Pfizer's move positions it to compete with the partnership between Amylin and Indianapolis, Indiana-based Eli Lilly that brought out Byetta. The success of Byetta (with fourth quarter sales of $137 million in 2006) proves that there is a market outside of small-molecule oral therapeutics in type 2 diabetes, and that patients are not particularly worried about the needle, especially when it's accompanied by salutary side effects such as weight loss. Nutley, New Jersey–based Roche, GlaxoSmithKline and Bagsvaerd, Denmark–based Novo Nordisk are also pursuing this new wave of diabetes protein therapeutics. The challenge in making a GLP-1 drug is being able to modify it to stay around longer in the body.

Novo's Galvus (vildagliptin) is widely expected to be the next GLP-1 analog on the market. The company was sufficiently confident in the promise of their protein biologics that they recently discontinued all small-molecule development programs, thus placing all of their eggs in a biotech basket (News in Brief, p. 269).

The rapid marketplace uptake of Januvia shows that physicians are poised to try alternatives to the current oral drug regimens, which have not significantly improved on metformin. Indeed, just a few months after approval, the shine may already be wearing off Januvia. A review in the New England Journal of Medicine on February 1 by David Nathan compared the potency of Januvia unfavorably to older drugs such as insulin, the sulfonylureas and the biguanides. Additionally, he pointed out that the clinical trials supporting the approval of Januvia included a limited number of patients, whereas the drug has the potential to be used immediately by hundreds of thousands of people, setting the stage for a possible disastrous repeat of the approval and withdrawal of Rezulin (troglitazone), one of the glitazones, in 1997, over safety issues.
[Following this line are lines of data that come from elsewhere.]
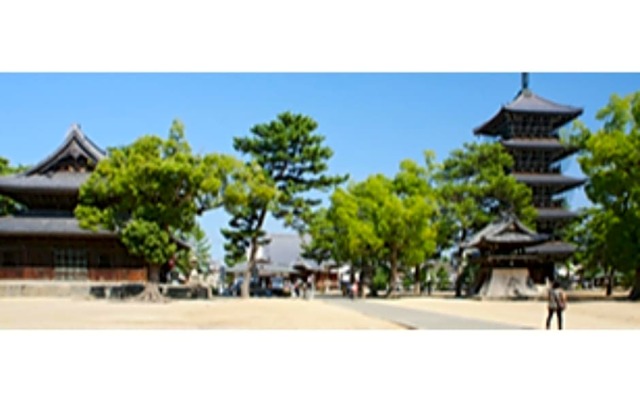 City Hotel Patio - Vacation STAY 11112v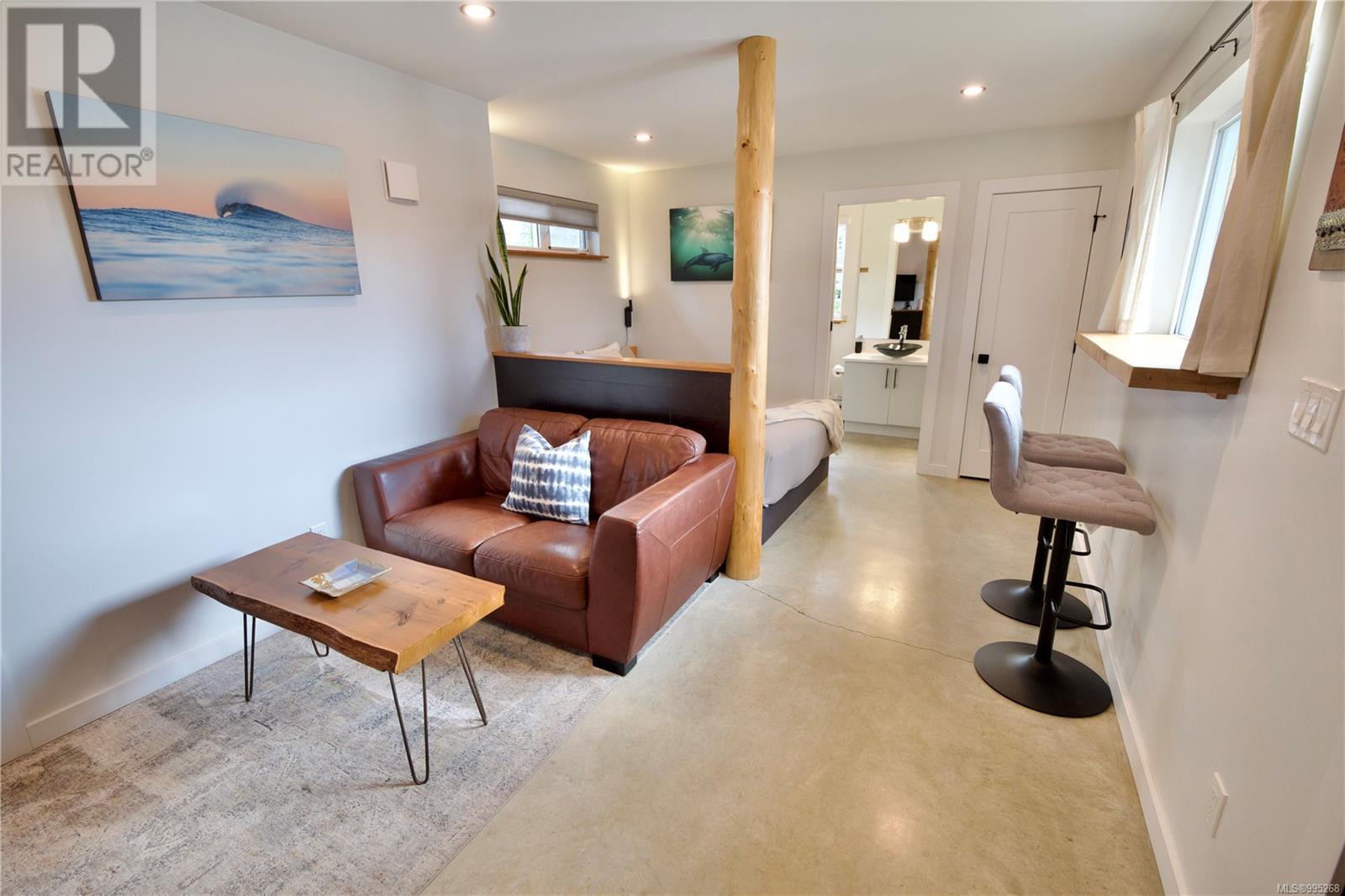 623 Yew Wood Rd, Tofino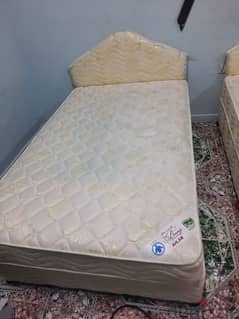 bed  sale only use 4 months new Condition. size 120×190 we have 5 bed 0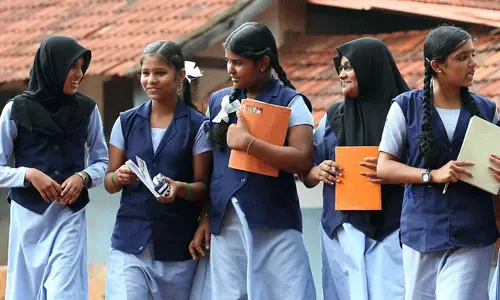 പ്ലസ്‌വൺ പ്രവേശനം ഇന്ന് മുതൽ: മുന്നാക്ക സംവരണ സീറ്റുകളിൽ അപേക്ഷകൾ കുറവ്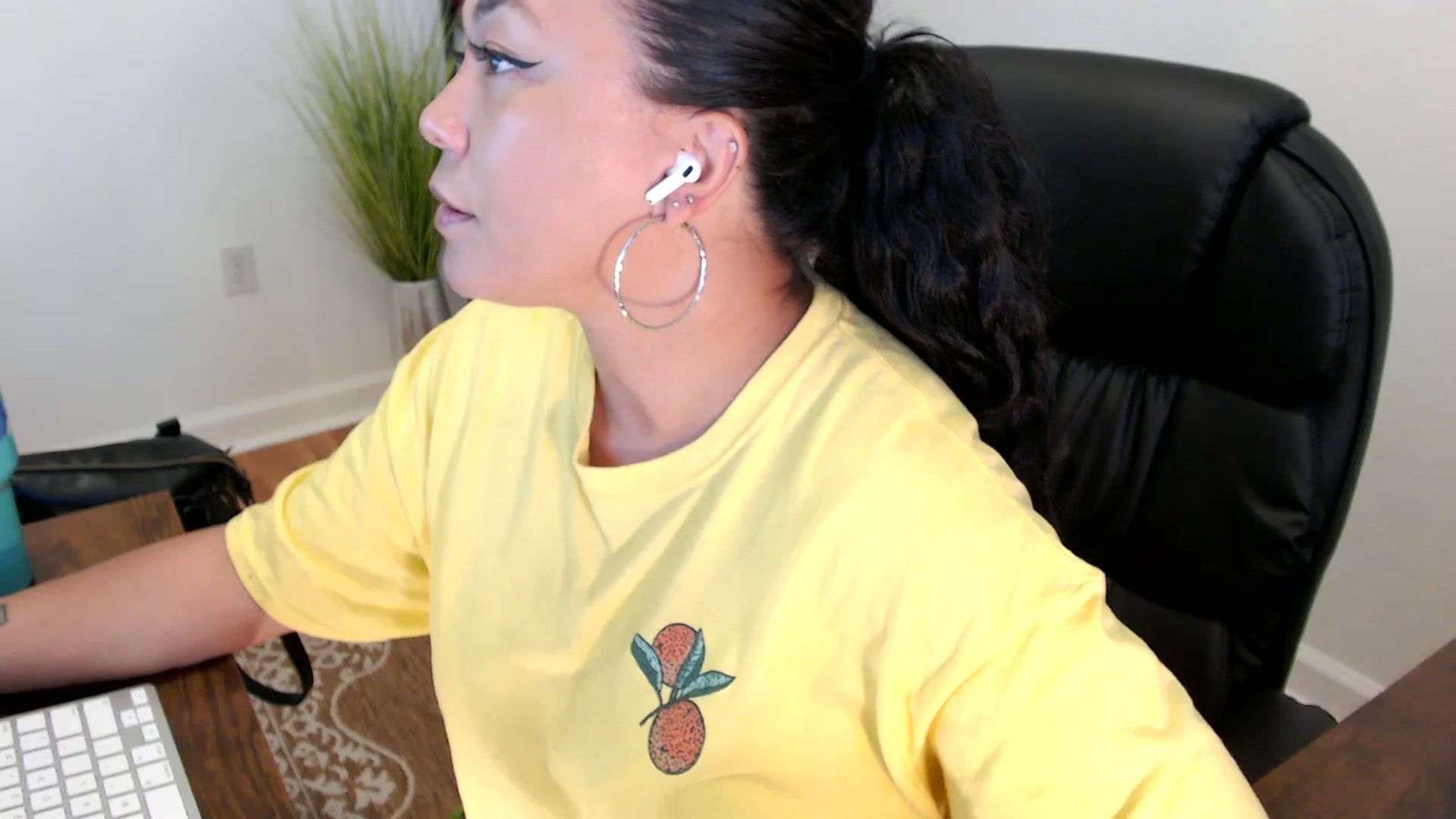 Gallery image thumbnail from MickaylaStar's myfreecams stream on, 05/20/2025, 16:09 image 8 of 20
Potentially of greatest concern, however, are indications that DPP4 inhibitors could promote the growth and metastasis of tumors. David Kliff, publisher of the newsletter Diabetic Investor, says, “The problem with any diabetes drug is you're going to be on it for the rest of your life. If there is any connection between DPP4 inhibitors and cancer, I would hate to see six to eight months from now, patients getting cancer, and then all of a sudden Merck would have to pull the drug off the market. I'm not saying it's going to happen, but as we learned from Rezulin, sometimes where there's smoke, there's fire.”

Given the consumer orientation of diabetes drug marketing and the massive sales forces big pharma details into the area, companies such as BioRexis are wise to find partners for their drug candidates. Indeed, even larger drug companies are finding this to be the case. Bristol-Myers Squibb recently partnered its phase 3 DPP4, saxagliptin, with London's AstraZeneca, a deal that also included codevelopment of a sodium glucose transporter inhibitor—another novel target for therapy. Cytokines, chemokines, ikappaB kinase, Jun N-terminal kinase and fatty acid binding protein are also being explored as potential targets for mono- and combination therapies.